The man once dubbed the Jon Stewart of Ukraine is now literally fighting to save his country.
Roman Vintoniv's life changed in an instant. One day he was one of Ukraine's most famous TV hosts. The next, he's dressed in camouflage and reporting for duty.
"I just changed my job — was planning my daily routine. And now I'm planning a different type of daily routine. Now, I am a military," Vintoniv said.
The former Army sniper was immediately called up when Russia invaded Ukraine, which is something he feared would happen when he joined the military nearly a decade ago. He spoke with Newsy from his cell phone at an undisclosed location in Kyiv.
"Why did I join? Because maybe in some room in my brain or in my heart, I felt that Russia can start the war," he said. "And that's why I was like, preparing for that."
Vintoniv traded in a cushy set and full staff for long days of training — hardening Kyiv — and preparing for an attack on his beloved city.
"We're ready to defend. We're ready to face the army," Vintoniv continued. "I believe in us. I believe in us."
He hasn't fully given up his roots though, making videos — some serious and some satirical — for Ukrainians and Russians.
"Humor is a great instrument to live through such kind of a period as we have in Ukraine now," Vintoniv said. "Sometimes life is good, sometimes life gives us bad situations. And our choice is to face these situations with dignity and with [a] smile."
Vintoniv is finding the humor in this situation because well, of course he is. He splashed on the scene in Ukraine nearly a decade ago under a fake name — Michael Shchur — making fun of corruption in the Ukrainian government. His comedic reports got the country through three presidents and arguably the most important period in the country's history until now — the Maidan Revolution — also known as the Revolution of Dignity — in 2013 and 2014. Then, police killed more than 100 people during a fight to keep the country separate from Russia. It eventually led to the ousting of then-Russian-backed President Viktor Yankovich.
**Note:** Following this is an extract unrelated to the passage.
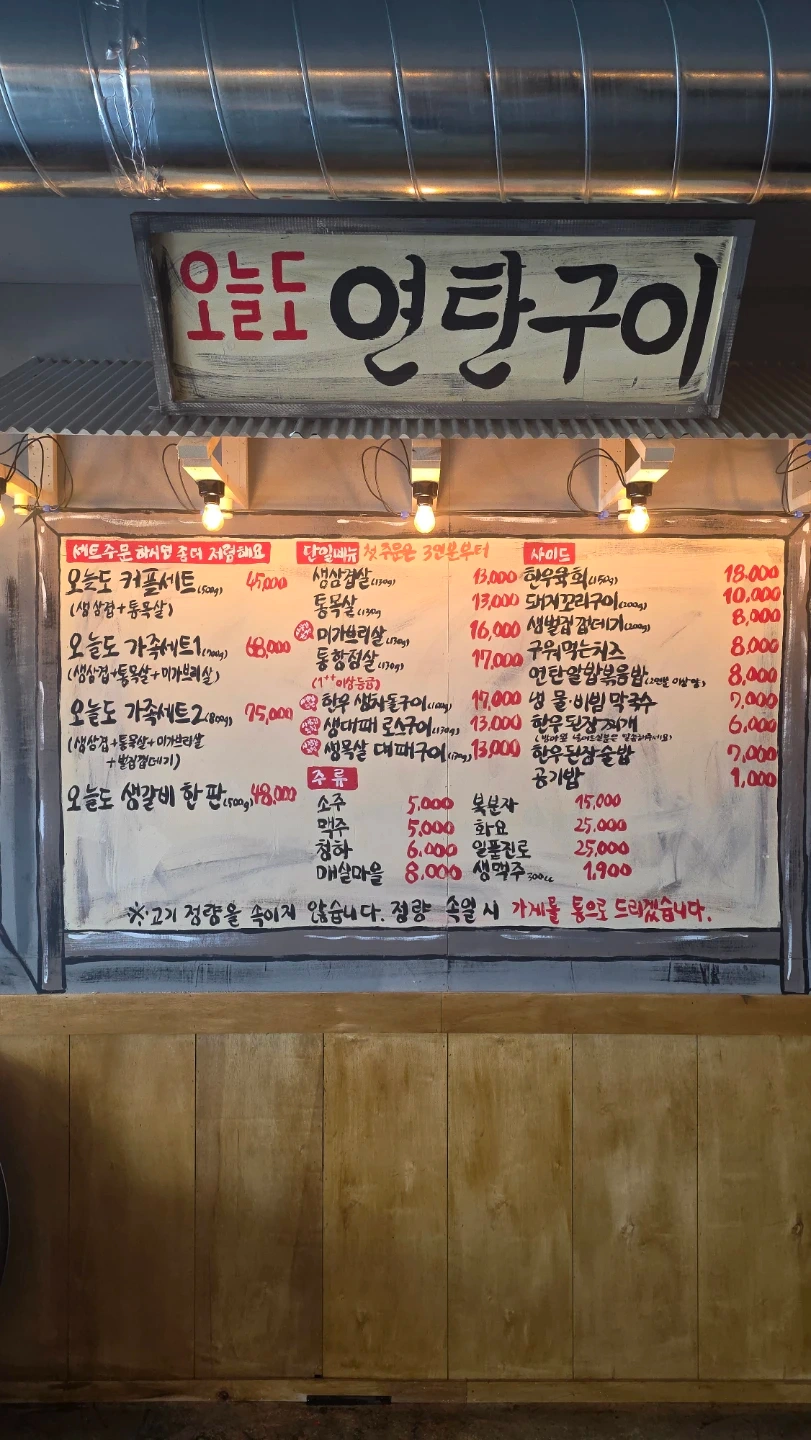 오늘도 연탄구이 사천점 주방.홀써빙.설거지 직원모집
Vintoniv spent those months in the cold with protesters, earning their trust and laughter.
When Newsy met with him in Kyiv two years ago, he described that experience and the subsequent invasion of Crimea, which is now an eerie parallel to today: "We were in a situation of black and white when we only have two options: Either Russia or Europe," he said in 2020. "I didn't believe we should have a war. Somewhere not in Europe, not here, not in my house."
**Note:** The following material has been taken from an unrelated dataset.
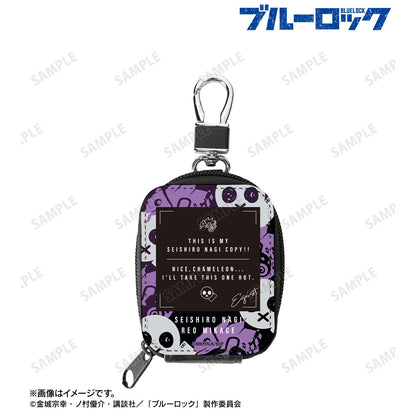 《藍色監獄》凪誠士郎&御影玲王元素合成皮革迷你收納包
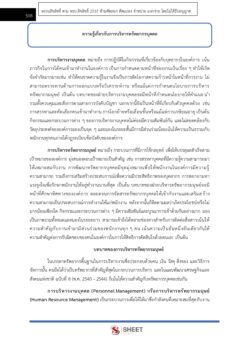 human-resources-specialist-obec-38-14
He told us after Maidan, Ukrainians banded together in the capital city of Kyiv. Today, he says, it's a country-wide unity.
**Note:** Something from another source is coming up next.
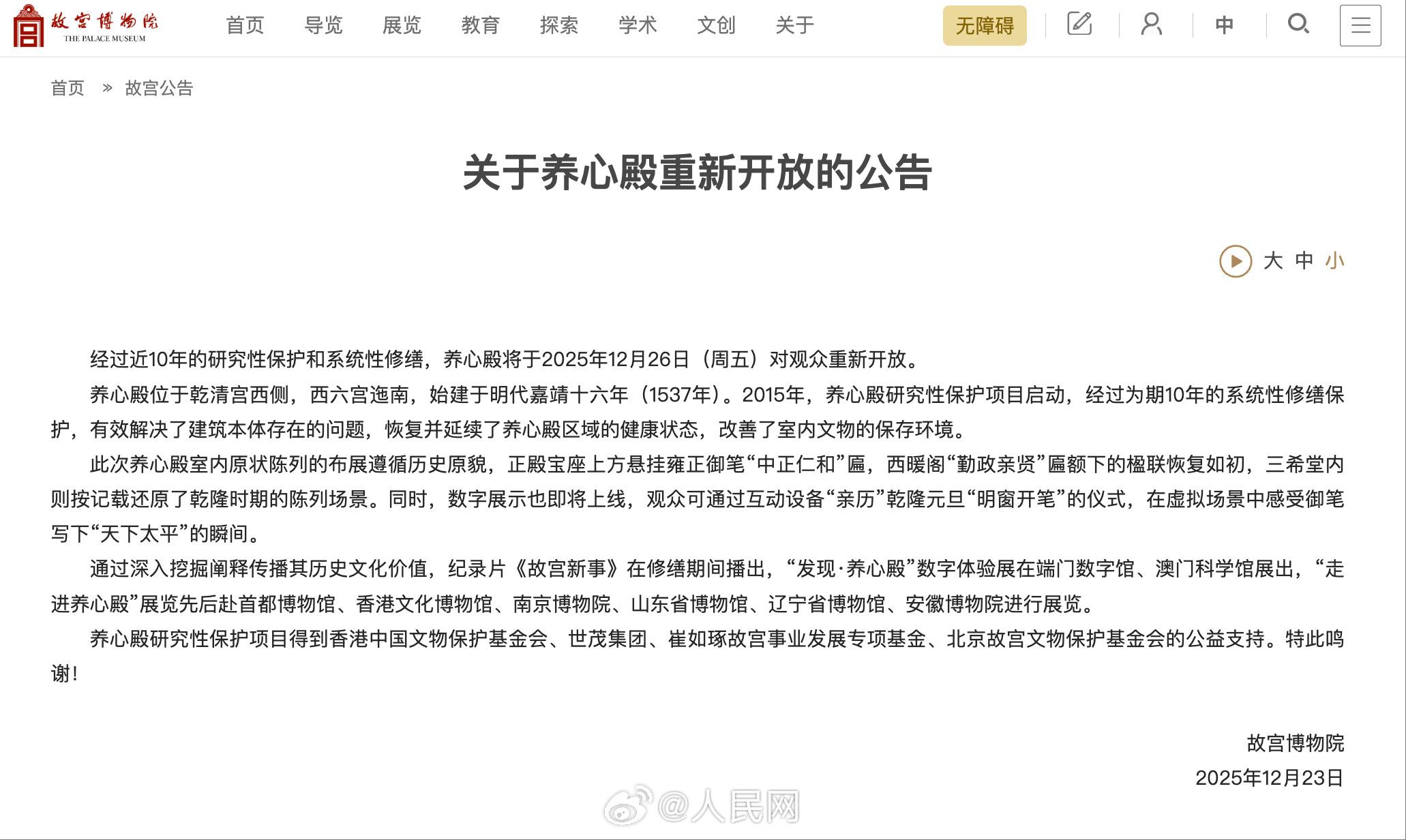 保护修缮近10年，故宫养心殿明天重新开放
"[We're] acting like a great team. All the volunteers, all the military, all the guys that [are] just doing their jobs, all the cyber forces, and it's really [a] great feeling now," Vintoniv said. "Now, when we see the civilians protesting in Kherson, in Kharkiv, and other cities, and they [are] just stopping tanks by their hands, with no weapon — this is really a heroic act, because they can die, and they continue doing this. And this is really inspiring me."
He says so many men he knows who are non-military men, just average civilians, have surprised him with their patriotism and bravery.
"For example, me, I see guys who declared that position. And I wasn't expecting them to do this," Vintoniv said. "Because I thought for example, they were non-political, they're just doing their job, making money. And now they declare all this: Russia is aggressor, Putin, by Ukraine. And now I understand that Ukraine is really [meaning] something for all the people in Ukraine."
Something else that's inspiring him is his president. We asked him in 2020 what he thought of him.
"For Zelenskyy it's too early to evaluate anything. And its hard to tell how he is," Vintoniv said at the time.
He was worried about Zelenskyy's lack of experience. Now, two years later, Zelenskyy has earned his admiration.
"Now, he's great. I think he became a surprise for everybody — for Ukrainians, for his political opponents, for me, also for Putin and for Russia. And I think he's doing great now," Vintoniv said.
He is thinking a lot about the future. His family has made it to safety, but he knows he may not have the same fate. The reality of death is very real to him.
"I just make friendship with that thought and just relax," he said.
When the war is over, Vintoniv says he's going to need a pause. A break. Eventually he wants to return to making people laugh. But he knows Ukraine will never be the same.
"When all this war will be stopped ... first emotion will be a celebration and the second emotion will be like I don't know, the opposite term of celebration," Vintoniv said.